When CAPTCHA first started out it typically consisted letters that are stretched, distorted, squished-up or color-blotched that must be deciphered before you post a comment, create an account or buy a ticket. It’s not a hard test, but sometimes due to the distortion, you wonder if it’s a letter “i” or an “l,” or if it’s a zero or a capital letter “O.” Sometimes you wonder if it’s an “m” or two “n’s.” But most of the time, you “pass” the test easily or maybe after a try or two.

CAPTCHA stands for Completely Automated Public Turing test to tell Computers and Humans Apart. It’s also known as a type of Human Interaction Proof (HIP). It’s goal is to create a test that humans can pass easily, but machines or computers can’t.

Why do the makers of websites need to know if I’m human or not?

The short answer for this is to prevent spam (and it’s not the yummy kind that’s in a can). It can be used to deter hackers and spammers from abusing online services or conducting unethical activities online.
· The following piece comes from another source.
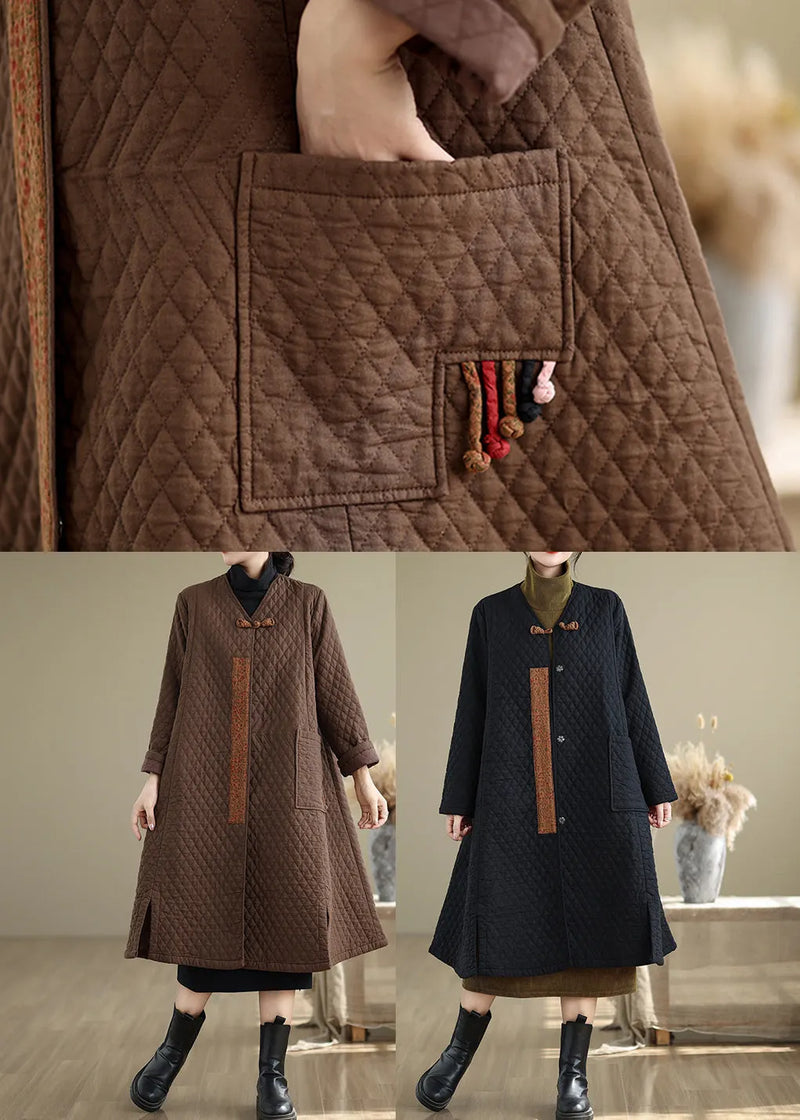 Coffee Pockets Fine Cotton Filled Retro Coats V Neck Winter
They needed to make sure that a user is a human because computers may be used for:

  • Signing up for hundreds of email accounts for spamming
  • Spamming blogs and news articles with fake and repetitive comments
  • Scraping email addresses from websites to use in spam attacks
  • Swaying online poll by automatically submitting hundreds of false responses, such as in online voting, political surveys, etc.

Verifying that the website is interacting with a human person can stop and prevent many of these automated attacks. Not passing the CAPTCHA test blocks the computers and auto-filling software programs from submitting online requests.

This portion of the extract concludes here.